I've been blessed to see some of hip-hop's greatest artists in concert: a reunited Wu-Tang, including ODB, at Hammerstein Ballroom; Jay-Z's final dance at Madison Square Garden; the Roots live and direct in Central Park; OutKast tearing up SOB's months before Stankonia dropped. But it was only after seeing the X-Ecutioners and Jam Master Jay perform in Washington Square Park that I felt I could finally die a happy man.
The X-Ecutioners are Roc Raida, Total Eclipse and Rob Swift, three of the world's most skilled and acclaimed selectors. The deejay crew rode its 2002 full-length, Built from Scratch, to a new audience on the strength of a rap/rock collabo with Linkin Park called "It's Goin Down." In previous efforts, the X-Ecutioners were able to successfully replicate their live show on record. But with Revolutions, the crew caters to more of a mainstream audience, leaving purists scratching their heads for more.
For Revolutions, the X-Men (which was the crew's original name, apparently changed for legal reasons after signing to Asphodel Records) recruited an A-list cast of emcees to spit over their cuts and scratches. The crew plays alchemist, creating an unconventional combination of Ghostface, Trife and Black Thought on "Live from the PJ's." The Bronx is fully represented on "The Truth," where Fat Joe reminisces on one of the greatest: "They say the truth shall set you free/ I think not/ Because niggas be ignoring the Squad like we ain't hot/ Like we ain't got the Bronx on lock/ Like Pun wasn't as nice as Biggie and Pac." Truer words have never been spoken.
Revolutions loses steam on the ill-conceived rap/rock joints "Let Me Rock," "Like This" and "Get With It," featuring the stone raiders Cypress Hill.
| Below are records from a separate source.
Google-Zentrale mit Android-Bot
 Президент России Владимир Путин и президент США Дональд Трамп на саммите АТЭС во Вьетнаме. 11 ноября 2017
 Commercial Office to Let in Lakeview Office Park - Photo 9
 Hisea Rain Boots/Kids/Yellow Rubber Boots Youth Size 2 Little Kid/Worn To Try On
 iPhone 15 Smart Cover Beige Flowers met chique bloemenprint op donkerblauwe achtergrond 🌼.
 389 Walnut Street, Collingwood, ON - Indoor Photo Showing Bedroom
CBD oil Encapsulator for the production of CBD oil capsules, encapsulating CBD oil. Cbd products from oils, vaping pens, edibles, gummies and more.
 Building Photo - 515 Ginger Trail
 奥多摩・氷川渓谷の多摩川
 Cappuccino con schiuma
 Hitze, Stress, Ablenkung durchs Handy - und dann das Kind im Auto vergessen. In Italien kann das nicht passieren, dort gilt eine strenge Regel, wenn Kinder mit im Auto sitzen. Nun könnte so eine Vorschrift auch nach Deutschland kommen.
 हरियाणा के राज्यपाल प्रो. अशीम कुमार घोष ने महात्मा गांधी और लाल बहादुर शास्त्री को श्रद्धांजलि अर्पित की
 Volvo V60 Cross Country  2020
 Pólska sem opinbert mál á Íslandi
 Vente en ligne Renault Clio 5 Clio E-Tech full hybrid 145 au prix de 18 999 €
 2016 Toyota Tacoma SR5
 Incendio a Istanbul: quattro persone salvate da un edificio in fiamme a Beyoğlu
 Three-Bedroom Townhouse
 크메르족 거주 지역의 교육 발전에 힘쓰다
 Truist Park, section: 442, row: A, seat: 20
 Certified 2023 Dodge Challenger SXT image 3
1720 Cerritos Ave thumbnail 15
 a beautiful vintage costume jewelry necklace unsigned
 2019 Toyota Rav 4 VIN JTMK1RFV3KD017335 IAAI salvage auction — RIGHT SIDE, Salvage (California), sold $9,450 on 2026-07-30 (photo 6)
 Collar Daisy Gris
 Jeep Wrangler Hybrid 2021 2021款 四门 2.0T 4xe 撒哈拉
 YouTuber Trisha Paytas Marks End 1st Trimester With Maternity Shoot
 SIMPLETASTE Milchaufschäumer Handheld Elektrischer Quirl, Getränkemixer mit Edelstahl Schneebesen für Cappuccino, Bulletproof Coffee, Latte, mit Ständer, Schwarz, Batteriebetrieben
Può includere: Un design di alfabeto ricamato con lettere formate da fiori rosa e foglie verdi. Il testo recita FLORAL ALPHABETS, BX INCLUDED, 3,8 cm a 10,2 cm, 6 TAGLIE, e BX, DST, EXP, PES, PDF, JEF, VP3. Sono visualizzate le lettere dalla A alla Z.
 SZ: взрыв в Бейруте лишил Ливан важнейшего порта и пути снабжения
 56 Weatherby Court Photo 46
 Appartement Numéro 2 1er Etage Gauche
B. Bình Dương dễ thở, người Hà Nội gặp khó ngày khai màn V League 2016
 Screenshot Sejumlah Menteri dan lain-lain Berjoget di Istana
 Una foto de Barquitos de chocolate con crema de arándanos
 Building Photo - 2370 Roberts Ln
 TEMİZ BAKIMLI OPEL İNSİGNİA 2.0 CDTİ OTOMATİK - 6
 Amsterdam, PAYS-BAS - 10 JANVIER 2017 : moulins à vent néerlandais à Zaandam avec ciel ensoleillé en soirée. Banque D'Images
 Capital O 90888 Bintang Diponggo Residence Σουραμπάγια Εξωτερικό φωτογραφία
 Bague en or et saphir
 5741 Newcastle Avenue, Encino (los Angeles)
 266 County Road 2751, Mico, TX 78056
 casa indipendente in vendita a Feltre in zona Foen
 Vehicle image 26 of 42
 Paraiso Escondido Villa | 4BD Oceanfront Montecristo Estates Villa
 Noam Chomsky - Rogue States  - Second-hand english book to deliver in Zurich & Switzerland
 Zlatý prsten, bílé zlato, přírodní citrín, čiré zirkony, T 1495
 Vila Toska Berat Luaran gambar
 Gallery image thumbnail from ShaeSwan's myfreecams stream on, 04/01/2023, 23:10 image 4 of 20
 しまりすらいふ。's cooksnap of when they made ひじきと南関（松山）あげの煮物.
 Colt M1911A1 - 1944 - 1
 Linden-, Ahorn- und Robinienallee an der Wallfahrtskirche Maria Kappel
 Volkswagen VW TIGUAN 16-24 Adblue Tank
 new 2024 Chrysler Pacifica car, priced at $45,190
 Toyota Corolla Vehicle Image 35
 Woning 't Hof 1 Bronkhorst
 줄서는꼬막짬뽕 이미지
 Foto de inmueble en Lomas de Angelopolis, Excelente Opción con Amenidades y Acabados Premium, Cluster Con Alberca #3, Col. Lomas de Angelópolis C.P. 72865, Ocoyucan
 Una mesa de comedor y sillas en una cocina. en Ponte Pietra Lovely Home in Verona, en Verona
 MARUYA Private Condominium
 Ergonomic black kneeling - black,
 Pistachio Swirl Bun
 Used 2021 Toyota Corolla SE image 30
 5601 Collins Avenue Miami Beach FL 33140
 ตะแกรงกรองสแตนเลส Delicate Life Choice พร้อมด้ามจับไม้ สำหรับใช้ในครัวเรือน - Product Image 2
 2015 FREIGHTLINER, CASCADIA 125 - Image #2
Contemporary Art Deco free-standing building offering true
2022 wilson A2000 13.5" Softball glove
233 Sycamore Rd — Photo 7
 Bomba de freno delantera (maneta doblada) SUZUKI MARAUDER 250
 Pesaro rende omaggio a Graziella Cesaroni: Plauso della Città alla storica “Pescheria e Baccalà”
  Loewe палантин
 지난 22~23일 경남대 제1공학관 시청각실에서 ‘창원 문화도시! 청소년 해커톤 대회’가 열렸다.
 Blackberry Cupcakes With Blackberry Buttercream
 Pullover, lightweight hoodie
Even a phenomenal performance from Slug can't save the X-Men's remake of Rob Zombie's "More Human than Human." With these tracks, the X-Men attempt to capitalize on previous success with Linkin Park but fail to innovate, instead relying on dated formulas.
In many ways Revolutions is feast or famine. The album has two distinct sections: traditional hip-hop and experimental rap/rock tracks. Neither are overly impressive. Those looking for the X-Men of ole should skip Revolutions and catch them the way they were meant to be seen: live on stage.